■ Task description: Nothing below is to be printed except the lines between the line holding "Gabriel Emergency Garage" and the line holding "Anne Kiz Iliskisi Sagliksiz", inclusive, each exactly as it appears.

■ Input for this task:

***

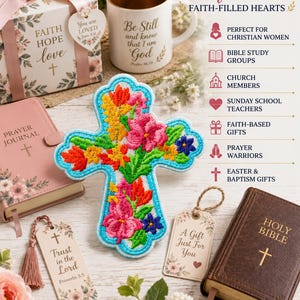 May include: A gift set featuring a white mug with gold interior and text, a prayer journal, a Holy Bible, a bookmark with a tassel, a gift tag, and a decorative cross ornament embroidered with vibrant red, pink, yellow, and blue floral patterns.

***

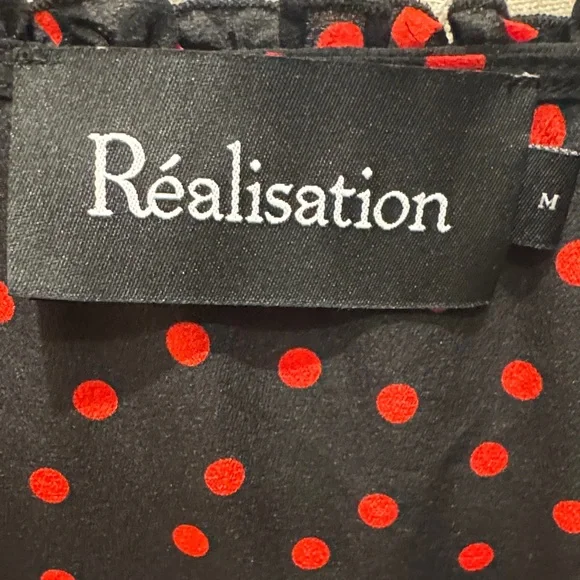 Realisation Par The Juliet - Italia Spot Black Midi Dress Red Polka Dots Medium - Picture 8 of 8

***

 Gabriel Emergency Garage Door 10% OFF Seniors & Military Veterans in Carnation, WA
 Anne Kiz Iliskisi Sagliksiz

***

■ Response area:
 Gabriel Emergency Garage Door 10% OFF Seniors & Military Veterans in Carnation, WA
 Anne Kiz Iliskisi Sagliksiz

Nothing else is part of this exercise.